I am writing code for a PINN model. While calculating the gradients for the loss PDE, I used torch.autograd.grad(). But it is showing

RuntimeError: One of the differentiated Tensors appears to not have been used in the graph. Set allow_unused=True if this is the desired behavior.

for the line

dphidx = torch.autograd.grad(train_output[:, 0], X_train_tensor[:,0], torch.ones_like(train_output[:, 0]), create_graph=True)[0]

I checked both train_output[:, 0] and X_train_tensor[:,0] are true for gradient_requres(True).

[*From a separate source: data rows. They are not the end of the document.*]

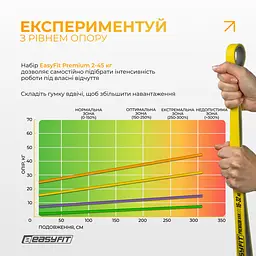 Набір двошарових резинок для підтягування EasyFit Premium 2-45 кг (4 шт) - мініатюра 8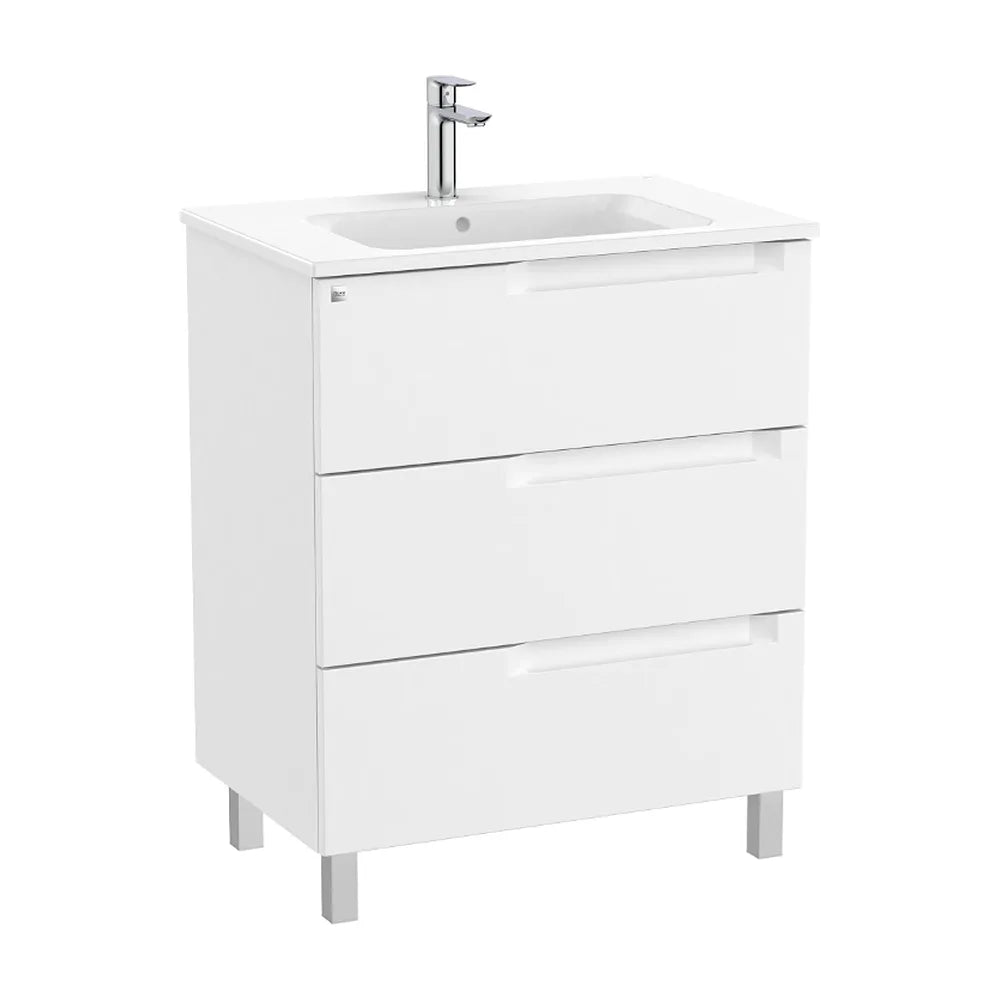 Mueble de baño con lavabo centrado 70 cm de ancho en color blanco mate Aleyda Roca - Vista 1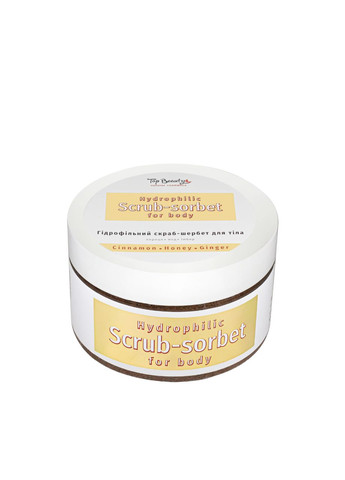 Скраб-щербет для тела Корица-Мед-Имбирь гидрофильный 250 мл Top Beauty (320325210)
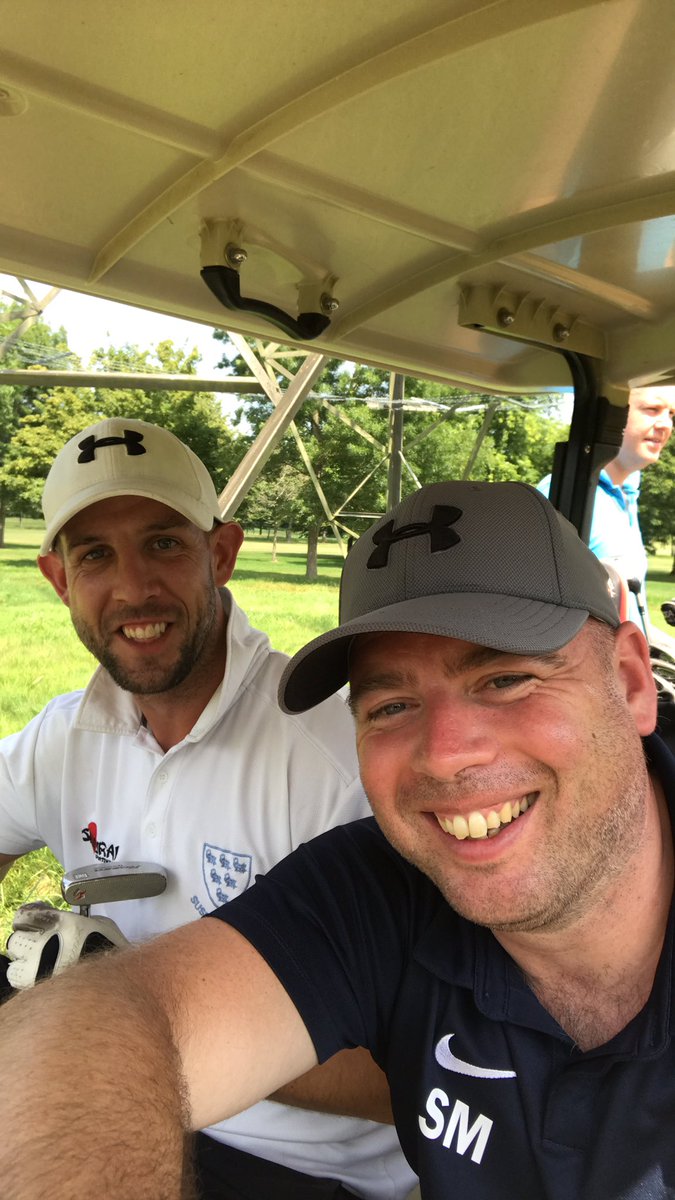 A very hot day on the golf course but <a href="/oakparkgolf/">Oak Park Golf Club</a> was in very nice condition. #SummerHolidays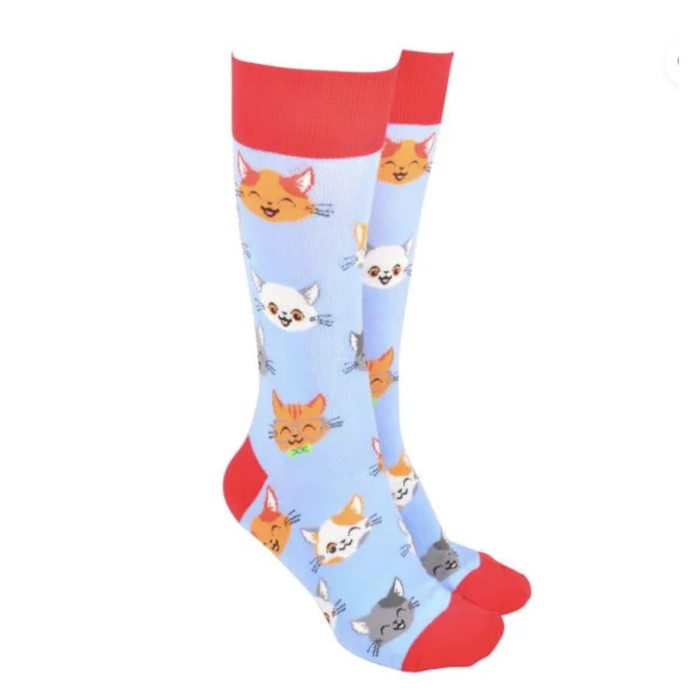 Sock Society Cute Cats Socks Bue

Now I am confused about what is wrong here.

I am attaching the model's code for clarity:

import torch.nn as nn

class PINNFP(nn.Module):
    def __init__(self):
        super().__init__()
        self.manual_layers = nn.Sequential(
            nn.Linear(in_features = 3, out_features = 5),
            nn.Linear(in_features = 5, out_features = 5),
            nn.Linear(in_features = 5, out_features = 5),
            nn.Linear(in_features = 5, out_features = 5),
            nn.Linear(in_features = 5, out_features = 2))

    def forward(self, x):
        return self.manual_layers(x)

model_1 = PINNFP()

train_output = model_1(X_train_tensor)
dphidx = torch.autograd.grad(train_output[:, 0], X_train_tensor[:,0], torch.ones_like(train_output[:, 0]), create_graph=True)[0]

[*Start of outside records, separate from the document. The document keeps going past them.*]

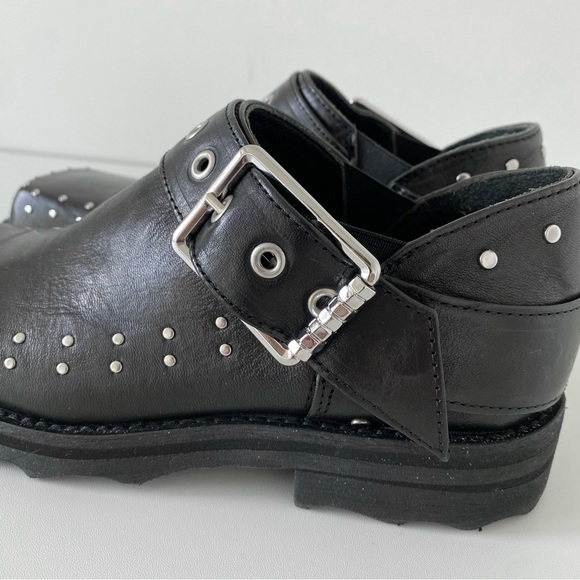 John Fluevog Foyt Slip-On Buckle Shoes - Picture 6 of 12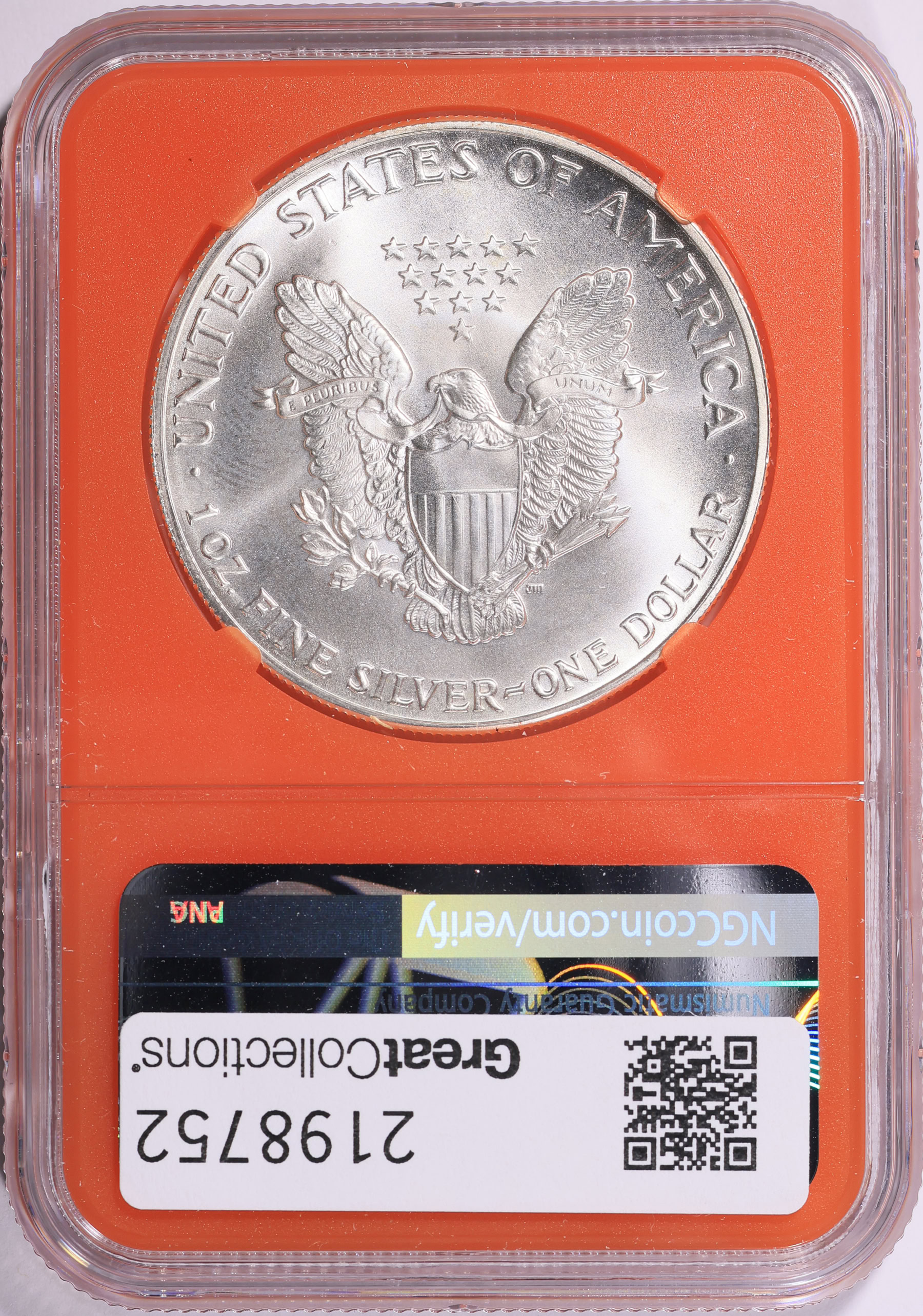 1948 ベルギー 100フラン 銀貨 NGC MS64 TOPPOP 最高鑑定 1986-(S) $1 Silver Eagle Struck at San Francisco NGC MS-69 (Orange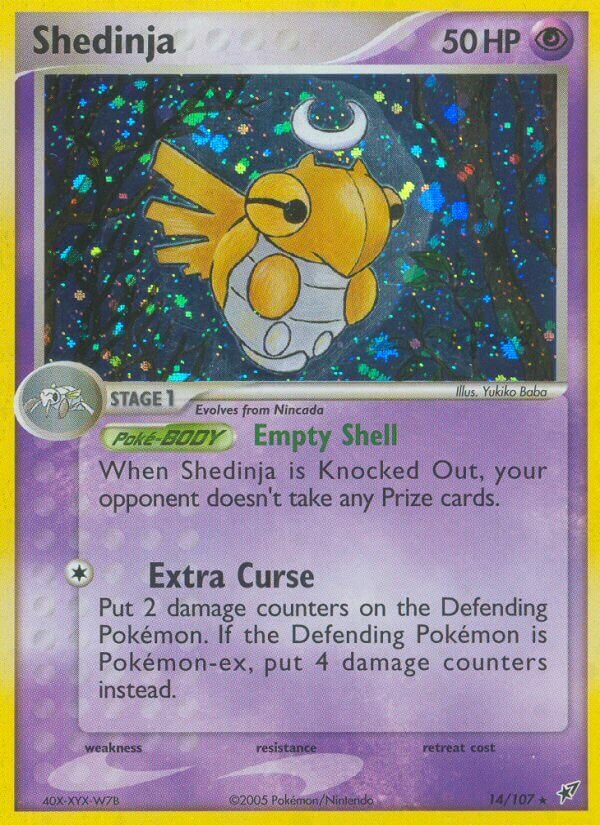 Shedinja - 14/107 - Rare Holo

How can I fix this error? I used allow_unused=None, and in that case, I get none value as the gradient which I do not want.

Solution

You have to change X_train_tensor[:,0] to X_train_tensor

import torch.nn as nn

class PINNFP(nn.Module):
    def __init__(self):
        super().__init__()
        self.manual_layers = nn.Sequential(
            nn.Linear(in_features = 3, out_features = 5),
            nn.Linear(in_features = 5, out_features = 5),
            nn.Linear(in_features = 5, out_features = 5),
            nn.Linear(in_features = 5, out_features = 5),
            nn.Linear(in_features = 5, out_features = 2))

    def forward(self, x):
        return self.manual_layers(x)

model_1 = PINNFP()

X_train_tensor = torch.randn(8, 3, requires_grad=True)

train_output = model_1(X_train_tensor)
dphidx = torch.autograd.grad(train_output[:,0], X_train_tensor, torch.ones_like(train_output[:,0]))[0]

Slicing creates a new tensor with a new computational graph. So the tensor X_train_tensor[:,0] is actually part of a new computational graph stemming directly from X_train_tensor. This means there's no path from train_output[:,0] to X_train_tensor[:,0]. What you can do instead is backprop from train_output[:,0] to X_train_tensor and take a slice of the gradient.